Russia has no allies in the Arctic Council: all the other countries are founding members of the U.S.-led NATO. Nevertheless, Canada’s approach to the Northwest Passage is almost identical to the Russian position on the Northern Sea Route. Ottawa considers the straits between the islands in the north of Canada to be the country’s historical waters. Other states are also trying to defend their rights on the Svalbard archipelago, where Russia recently protested the restrictions introduced by Norwegian authorities.3 China’s position on the status of the Arctic and freedom of navigation there to a large extent echoes that of the United States and other major maritime powers: the United Kingdom, India, and Japan. However, it should be remembered that the United States is not a signatory of UNCLOS, and—it is very important to note—Washington fears that China could enter the Arctic and establish a firm presence there.
Strategies
Throughout almost the entire twentieth century, Russia was a leader in Arctic exploration. After the collapse of the Soviet Union, it lost many of its positions. Only at the very start of the 2010s did Moscow rekindle its interest in the Arctic. Russia’s main goal now is to reclaim the mantle of the leading Arctic power. In 2008, the country’s government adopted a document titled “The Foundations of Russia’s Strategy in the Arctic,4 and in 2013, the “Strategy for the Development of the Arctic Zone of the Russian Federation Through 2020” was approved.5 Developing the Arctic zone is a personal priority for President Vladimir Putin. Russia’s Security Council oversees the strategy, while the Ministry for the Development of the Russian Far East is in charge of implementing the megaproject.

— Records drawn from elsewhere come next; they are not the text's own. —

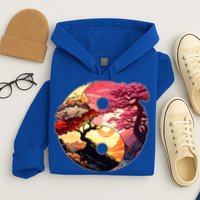 Yin And Yang Japanese Bonsai Trees Seasons Fall Spring Hoodie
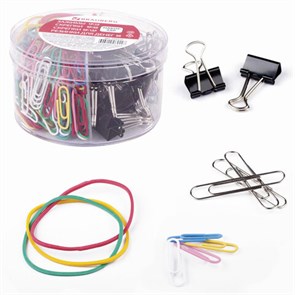 {{photo.Alt || photo.Description || 'Набор BRAUBERG, зажимы 19 мм/15 шт., скрепки 28 мм/145 шт. и 50 мм/50 шт., резинки 40 шт., 223515'}}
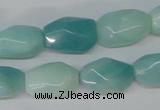 CAM609 15.5 inches 13*18mm faceted nugget Chinese amazonite beads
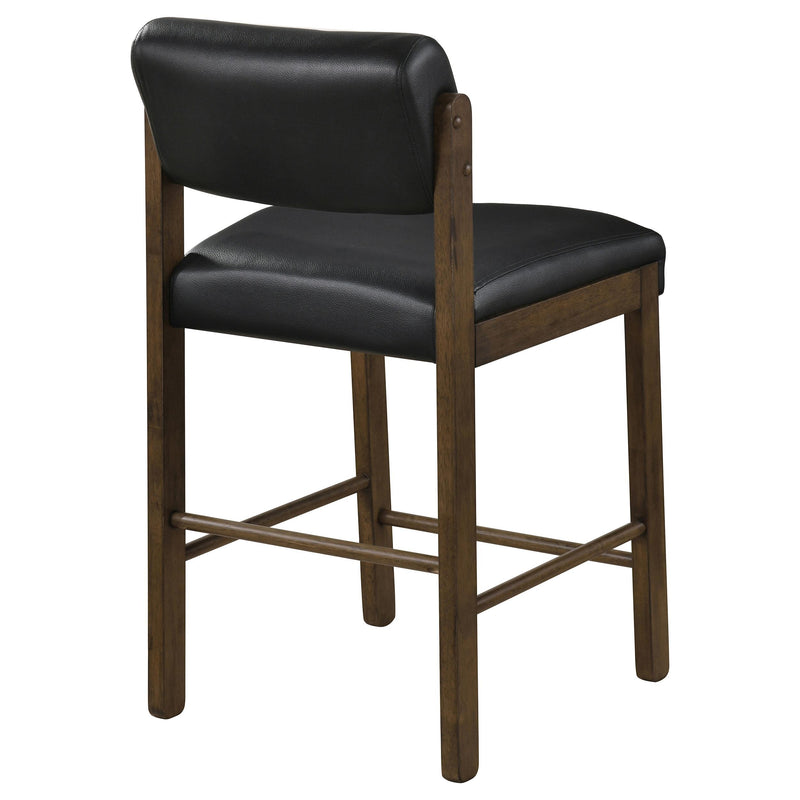 Kehoe Upholstered Counter Height Chair Black and Walnut (Set of 2) - 193929WAL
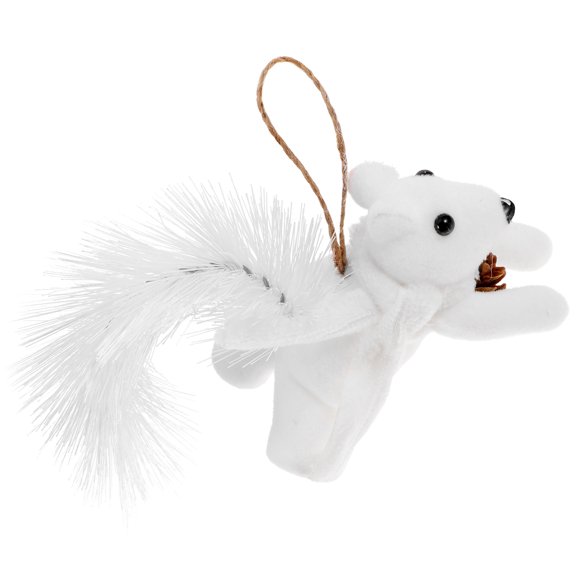 WEUVEB White Foam Squirrel Hanging Ornament, 1 Set Animal Party Favor and Decoration for Home, Tree, Window, Room Decor Supplies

Russia’s Arctic strategy views the region as a strategic resource base for the country, and seeks to bolster it. While aiming to maintain peace and develop cooperation with its Arctic neighbors, the Russian strategy provides for the expansion of its military presence and installation of a border control system in the region. Moscow believes that any international system of governance in the Arctic should recognize Russia’s role and significance. This concerns not only the protection of the region’s unique ecological system, but also the use of resources and regulation of navigation. As far as Moscow is concerned, the Northern Sea Route should remain under Russian jurisdiction, and Russian icebreakers should be used there, as Gorbachev proposed years ago.
Russia’s Arctic strategy aligns closely with the broader concept of Greater Eurasia, which in the mid-2010s replaced the concept of a Greater Europe.6 According to this new concept, Russia is a self-sufficient geopolitical unit in the north of the Eurasian mega-continent. The continent’s other countries—from the European Union west of Moscow to China to its east, India to the south, and the Muslim world to the southeast—are all Russia’s neighbors. Moscow, which created and leads the Eurasian Economic Union (EaEU) that includes several former Soviet republics, reached an agreement with China in 2015 on synergizing the EaEU and the Belt and Road initiative. It also offers other groupings, from the Association of Southeast Asian Nations (ASEAN) to the “integration of integrations” with the EU, and the so-called Greater Eurasian partnership.7
China’s Arctic strategy was adopted for the first time in 2018.8 It’s a comprehensive and detailed document, but unlike its Russian counterpart, it’s more declarative. China intends to conduct scientific research in the Arctic, protect the environment and habitat of indigenous peoples, contribute to the development of the region, and participate in its management. China also expresses its respect for other countries, declares its willingness to cooperate, and proclaims the mutually beneficial nature of relations and its commitment to sustainable development. The security section of the document talks of strengthening peace and stability, ensuring the security of maritime trade, and supporting the right of all states to use the Arctic. In keeping with its basic position, the Chinese strategy offers an inclusive system of managing the Arctic. Naturally, considering China’s significance, such a system presupposes that the country will play a leading role in it. This is where the main conflict between the Russian and Chinese strategies lies. In the words of a Russian analyst, the Chinese strategy is “an attempt to lead the process of strengthening the role of out-of-the-region players in the Arctic, a successfully camouflaged wish to play one of the leading roles among them in formulating the Arctic agenda.”9
The Chinese Arctic strategy follows China’s Ice Silk Road concept,10 which, in turn, is part of the Belt and Road initiative. This conceptual architecture is crowned by the idea of a common future for humanity. Moscow hasn’t put forward anything of that kind since Soviet times. Chinese globalism, sustained by the colossal economic potential and dynamic development of the most populous nation on earth, is in stark contrast to Russia’s current agenda, which seeks to retain and defend its great power status in competition with stronger players.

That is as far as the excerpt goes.